Teknolojik gelişmeler hayatımıza büyük kolaylıklar getirdi. Ancak bu hızlı değişim, toplumun algı ve davranışlarında köklü dönüşümlere sebep oldu. Öyle ki, yeni nesil ile eski nesil arasında derin bir uçurum oluştu. Bu kopuş sadece kuşak çatışması değil, aynı zamanda kültürel bir yozlaşmanın da habercisi oldu.
İnsanın doğayla olan kadim dostluğu, modern yaşamın hızında zayıfladı. Küresel ısınma, bozulan dengeler, gıdasızlık ve susuzluk artık gündelik hayatımızın gerçeği. Kendi ellerimizle doğayı tahrip ettikçe, aslında kendimizi de tüketiyoruz. Yine de hayat devam ediyor; doğaya olan sevgimizi ve saygımızı hatırlamak zorundayız.
Eski Türk yazıtları bu konuda bize büyük dersler verir. Birinde şöyle denir:
“Kuzu dizlerinin üzerine çökerek annesini emer, karga yaşlı annesini besler; bunun adı saygıdır.”
“Horoz şafak vakti öter, yaban kazları her bahar kuzeye, her sonbahar güneye uçar; bunun adı söz tutmaktır.”

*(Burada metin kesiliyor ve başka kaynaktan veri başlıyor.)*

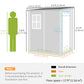 Outsunny 4'x5' Garden Tool Storage Shed, Lean to Shed with Window, Vent and Plastic Roof, Grey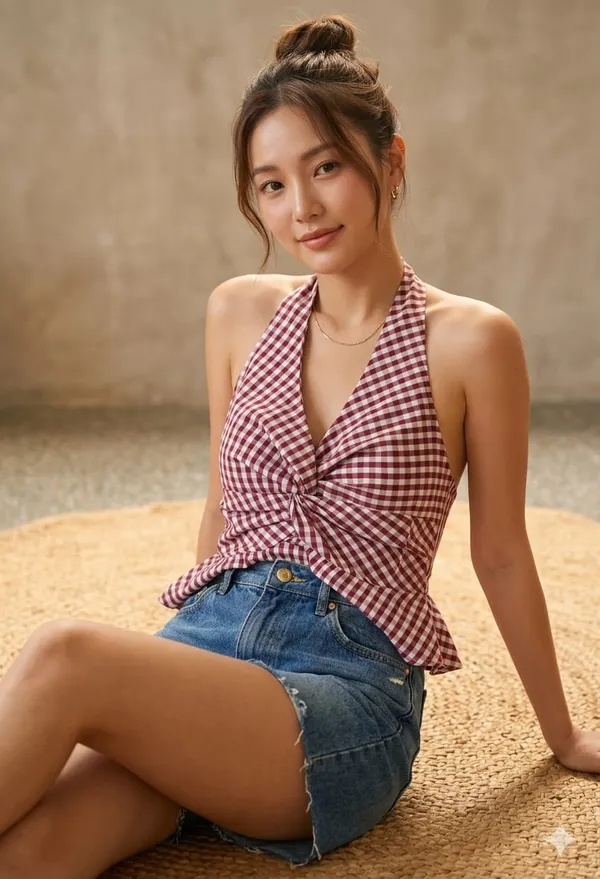 Checked_Halter_Neck_Ruffles_Cotton_Peplum_Top-Maroon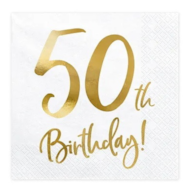 Serwetki - Urodzinowe  33x33cm  op.20 szt.  białe, 50th Birthday
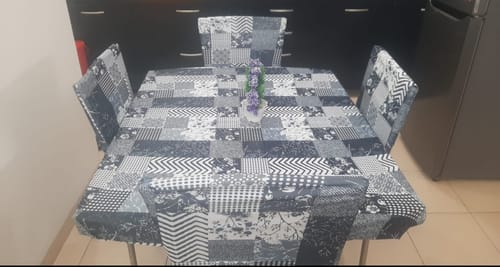 Customer photo review of Snow Cubes Magic Universal Dining Chair Covers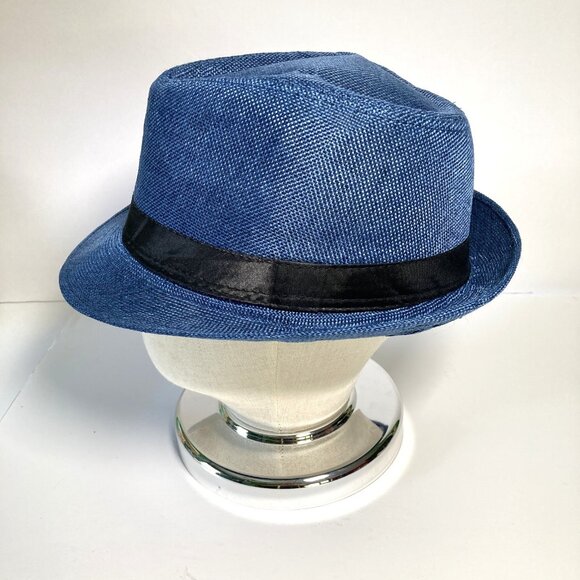 Fedora Trilby Hat, Blue, Textured Cotton Polyester Size 58 cm, 7 1/4, 22.83 in - Picture 3 of 7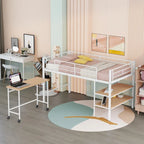Cama alta de metal blanca tamaño individual con escritorio deslizable y estanterías para libros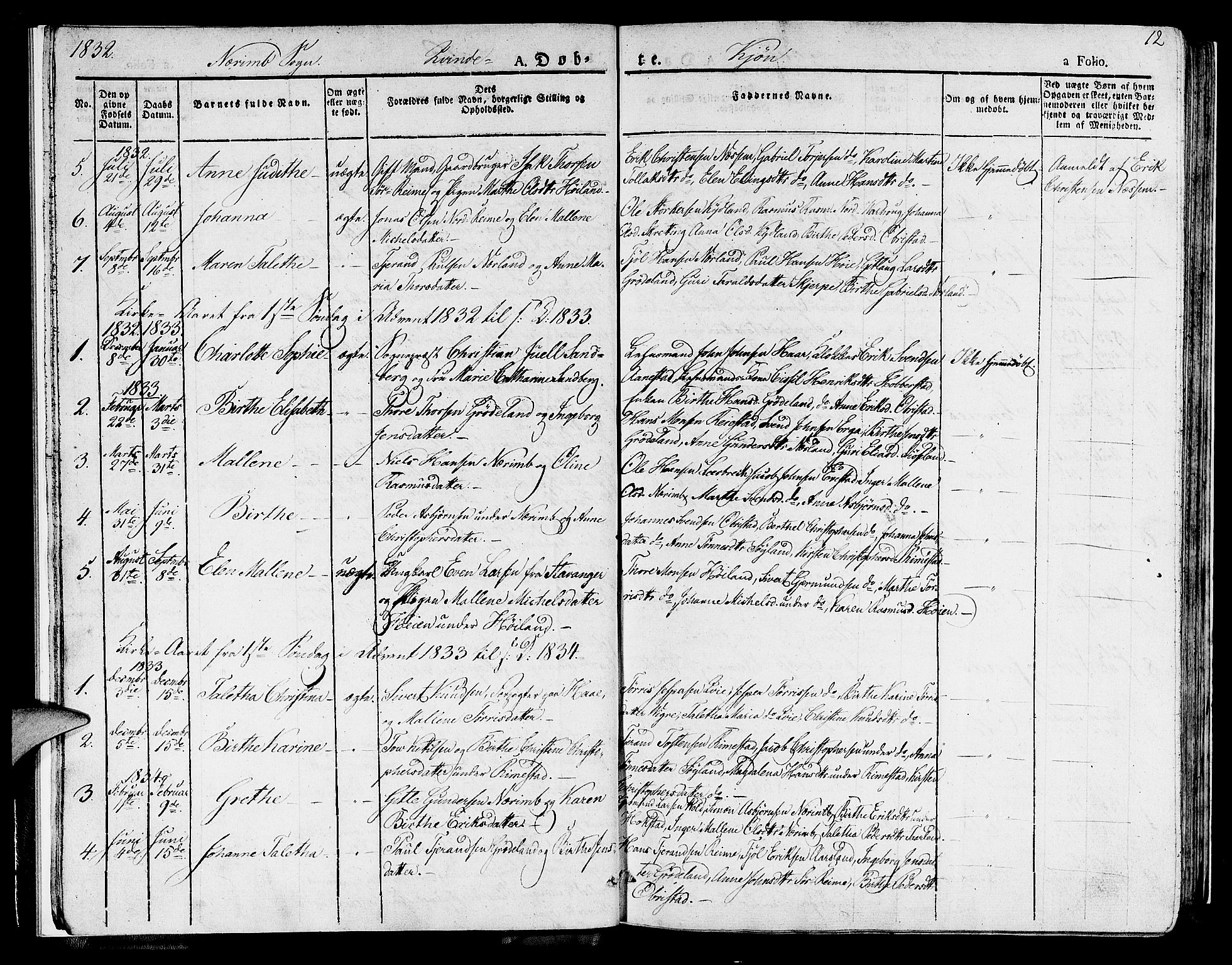 Hå sokneprestkontor, SAST/A-101801/001/30BA/L0004: Parish register (official) no. A 4.1 /1, 1826-1841, p. 12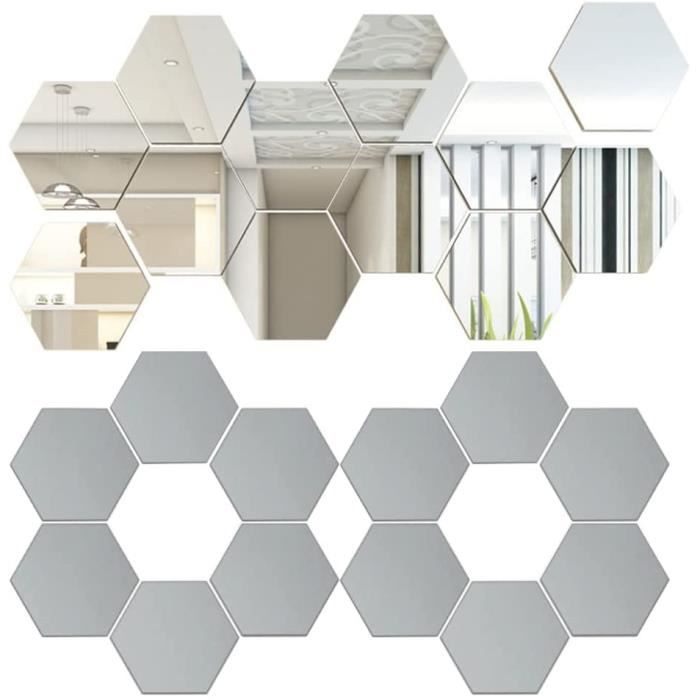 Miroir Adhesif 24 Pièces Hexagonal Feuille de Miroir Flexible Acrylique 100 *87*50mm Amovible Décalque Hexagone Décalque Acryli[592] - Cdiscount Maison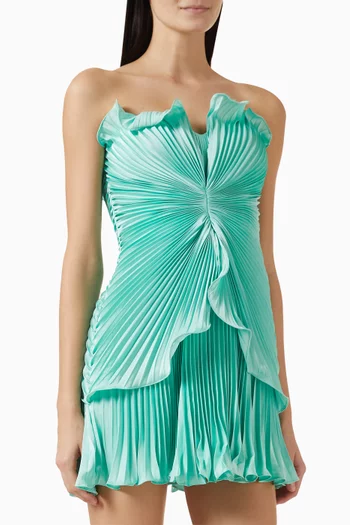 Noa Pleated Mini Dress in Satin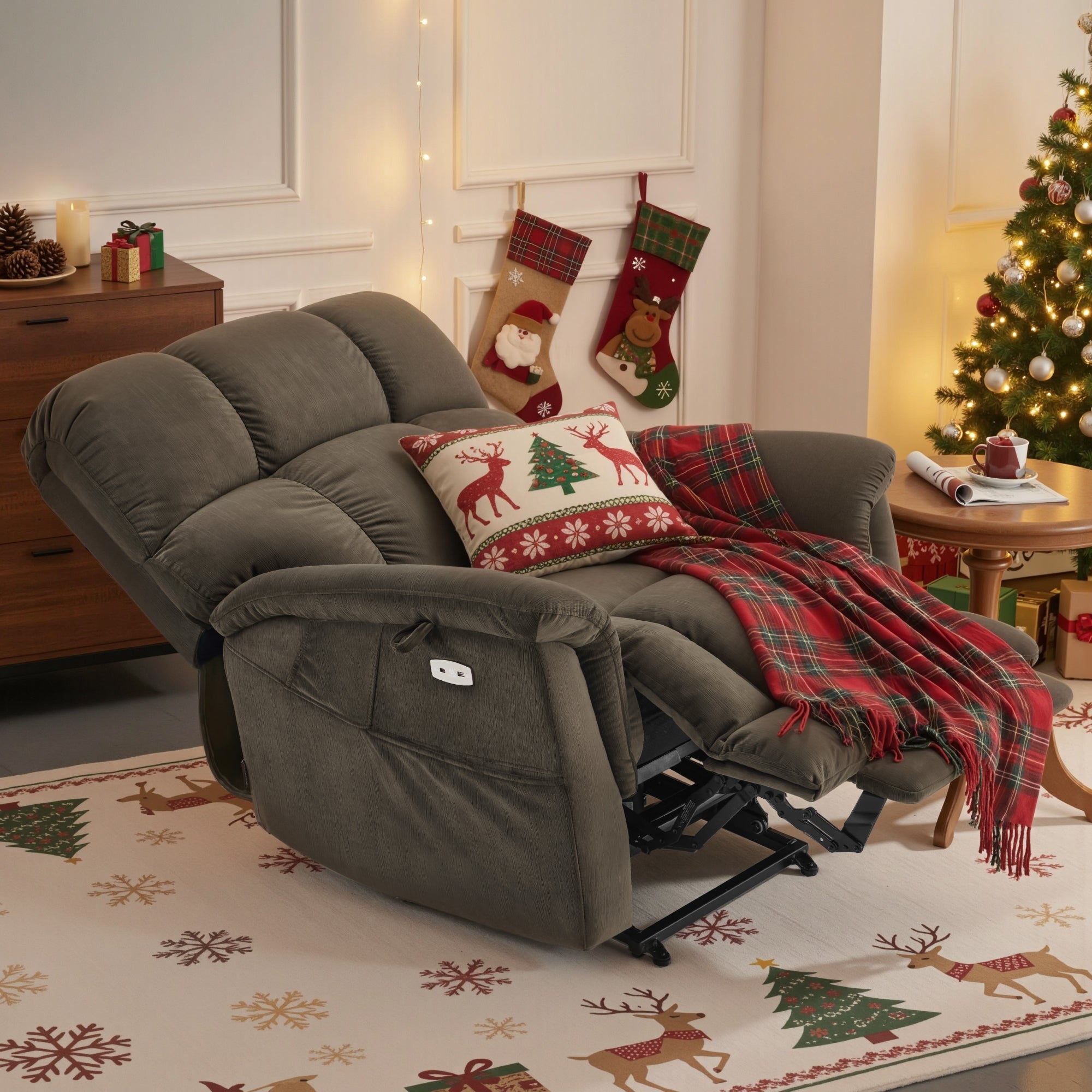 Dual Motor Power Lift Recliner Chair for Elderly,  Massage and Lumbar&seat Heating, Fabric R7166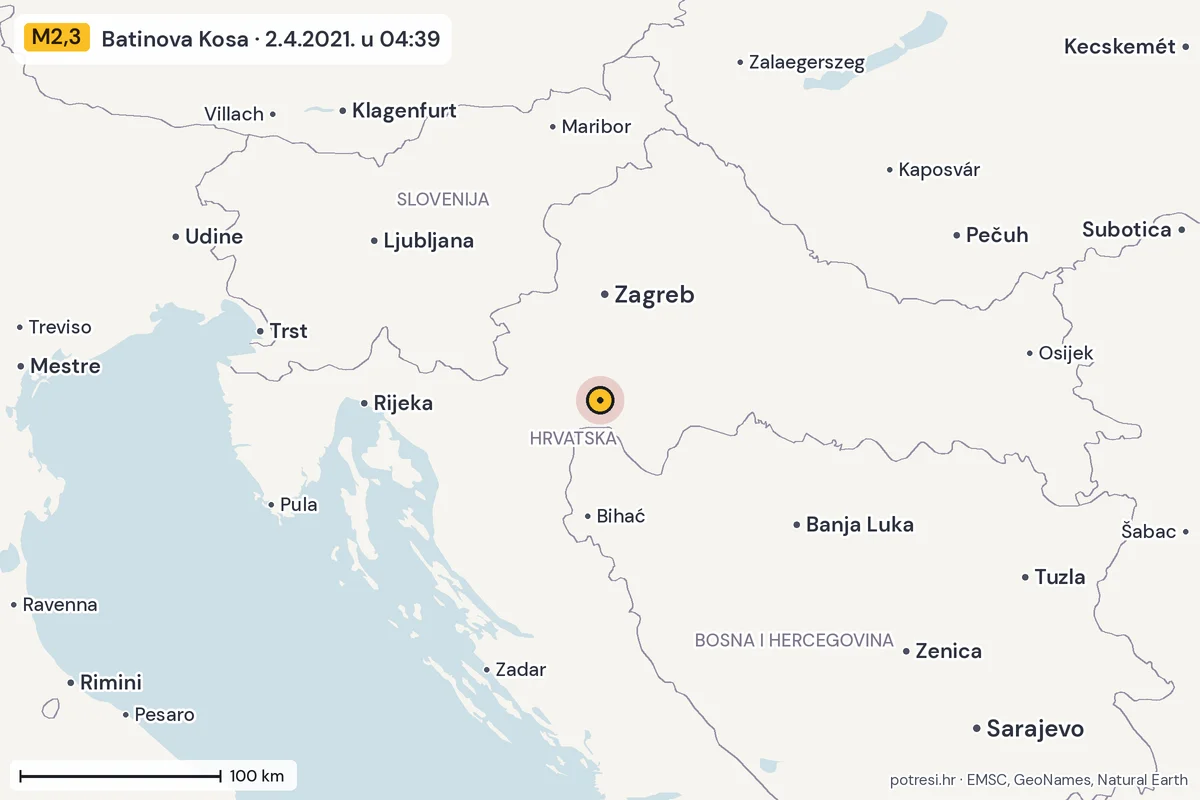 Karta: šire područje, 600 km, potres M2,3, Batinova Kosa, 2.4.2021.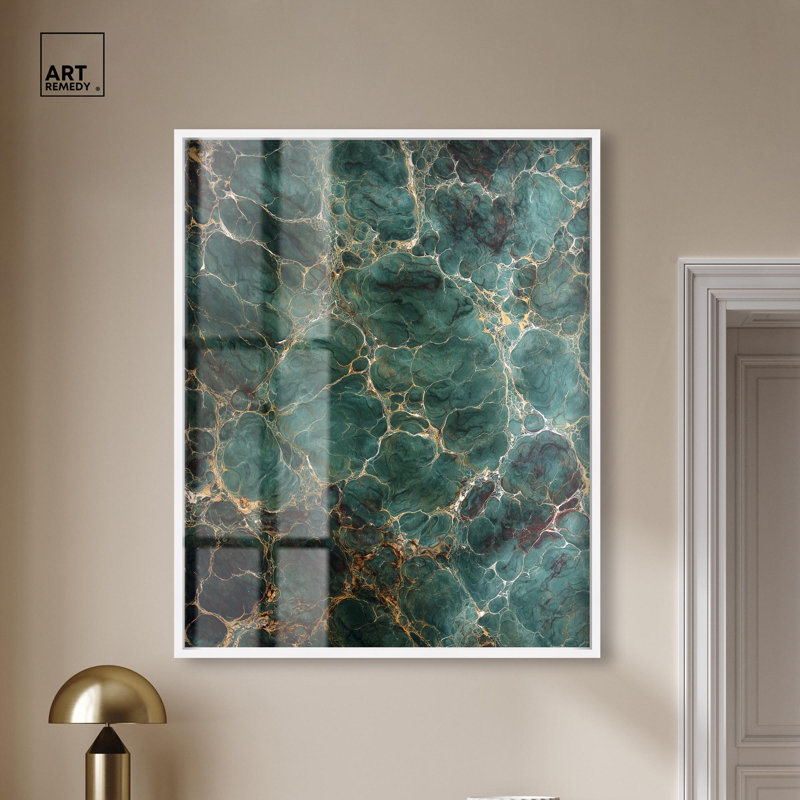 Décoration murale en forme de géode à motif d'ombre par Art Remedy, cadre blanc, 36 x 45, H 46 po x l 37 po, Cadre blanc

“Yeşilbaşlı ördek eşini kaybettikten sonra yeni bir eş bulmaz; bu sadakattir.”
“Geyik otlağa rastladığında sürüsünü davet eder, karınca yiyecek bulduğunda kolonisini çağırır; bu adalettir.”
Ve yazıtın sonunda şu ağır hüküm vardır:
“İnsan bu erdemlere sahip değilse, hayvandan beter bir halde yaşıyordur.”
Bir Türkmen duası ise bu bilgelikten beslenir:
“Tanrım, önce dağa taşa ver, ormana, hayvanlara, suya ver. Ondan sonra insanlara, komşuya, muhtaç olana ver. Kalırsa en son bana ver.”
Bu dua, insanın doğayla uyumlu bir yaşam sürmesi gerektiğini, kendini merkeze koymadan önce çevresini gözetmesi gerektiğini hatırlatır.
Sonuç açıktır: Eski bütün gelenekler kötü değildir. Tam tersine, çoğu bize yol gösterecek değerler taşır. Kültürel yozlaşma, insanın acısını ve yalnızlığını artırır. Oysa doğanın erdemleriyle barıştığımızda, hem kendimizi hem geleceğimizi kurtarabiliriz.